И тут, к моей радости, появился лейтенант Тарасенко со взводом полковых разведчиков. Его, оказывается, послал командир полка, жестко предупредив: «Утерял — ищи. Не найдешь живыми — отдам под трибунал». На поиск дал сутки. Лейтенант радовался, пожалуй, не меньше, чем я.

…Но здесь происходит нечто непонятное. Ко мне подходит незнакомый солдат и говорит:

— Товарищ гвардии капитан, разрешите к вам обратиться?

— Я вас слушаю.

— Вас вызывает к себе полковник!

— Какой полковник? Откуда он взялся? Проверяя оборону рощи, я что-то не видел его!..

— Не могу знать, товарищ гвардии капитан…

— Где он сейчас, этот полковник?

— В сотне метров отсюда. С группой автоматчиков сидит в окопе.

— Ну хорошо, ведите меня к нему.

Нет, не выполняя переданный мне приказ, а ради интереса и любопытства, иду за солдатом. Подхожу и вижу, что на пеньке срезанного снарядом дерева действительно сидит полковник. Рядом с ним лежит не офицерская, а солдатская шинель. Под этой шинелью, думаю, ты скрывал свое звание и должность. Шкура хорошая, а не офицер. За весь день боя по обороне рощи не объявился и лежал, выжидая, что будет? Меня разбирает злость. Но сдерживаюсь, представляюсь и требую у него документы. Он без разговора предъявил свое служебное удостоверение. Внимательно рассмотрел их — да, действительно, полковник H., начальник отдела не нашей дивизии. Он не обиделся на меня за проявление бдительности. Даже хвалит за проявленную инициативу и умелое руководство разношерстным воинством при обороне рощи. Заявил, что, как старший по званию, руководство выходом из окружения берет на себя. Меня назначает своим заместителем. Как будто бы мы не справились с этим и без его «руководства». Хотел было я в ответ на его решение послать его ко всем чертям с матерями и назвать его своим именем — трусом. Но у меня сейчас, в этот критический момент, не хватило дерзости и бойцовского характера. Не время и не место сейчас делить с ним власть. А вот, думаю, когда выйдем из окружения и если я останусь жив и цел, то тогда я ему все напомню, если он нашего корпуса. А если нет, то особисты найдут его, где бы он ни был.

А сейчас надо не разбираться, кто чего стоит, а, не теряя времени, действовать. Снимать оборону рощи и собирать в кучу людей, лошадей, орудия, минометы и уцелевший обоз. Установить порядок в движении и, не задерживаясь, двигаться. Особенно бережно вынести всех раненых и контуженых. Знаю, что все убитые уже похоронены в траншеях обороны.

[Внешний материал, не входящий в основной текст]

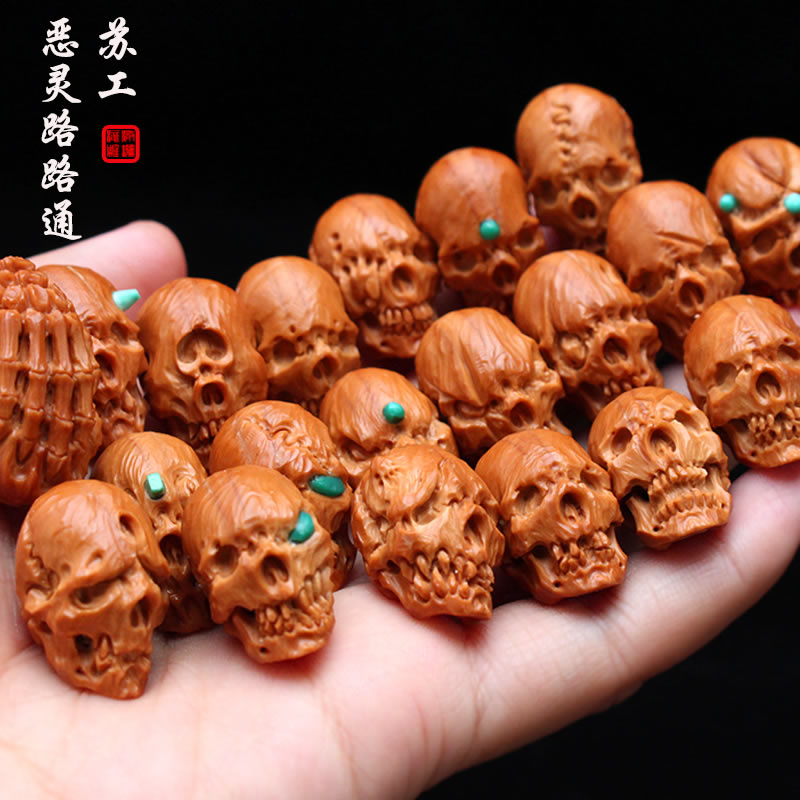 Suk olives nuclear carvings pure handmade carve skull head road pass by hand holding olive Hu evil spirits hanging long string of men and women
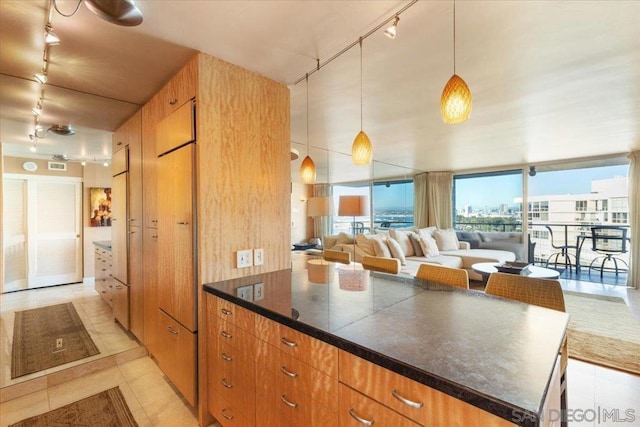 kitchen with light tile patterned floors, track lighting, hanging light fixtures, and a kitchen island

Я даю команду о свертывании обороны. Собравшись на южной окраине рощи, мы колонной двинулись в путь. В голове колонны шли разведчики. К нашей удаче, взвод разведчиков, возглавляемый старшим лейтенантом Ефремовым и лейтенантом Тарасенко, нашел брешь в кольце и вывел нас без единого выстрела.

Командир полка, выслушав доклад, сгоряча выругал меня как надо и пообещал наказать за то, что отстал от полковой колонны и потерял разбитыми три миномета. Но за проявленную инициативу в организации боя в роще и вывод из второго окружения трехсот бойцов заместитель командира дивизии полковник Терентьев объявил мне благодарность и приказал представить к награждению орденом.

Так закончился кишвардинский рейд. За десять дней рейда мы пережили столько, сколько не пришлось пережить за всю войну. Он остался памятным не только для меня, но и для всех, кто был его участником.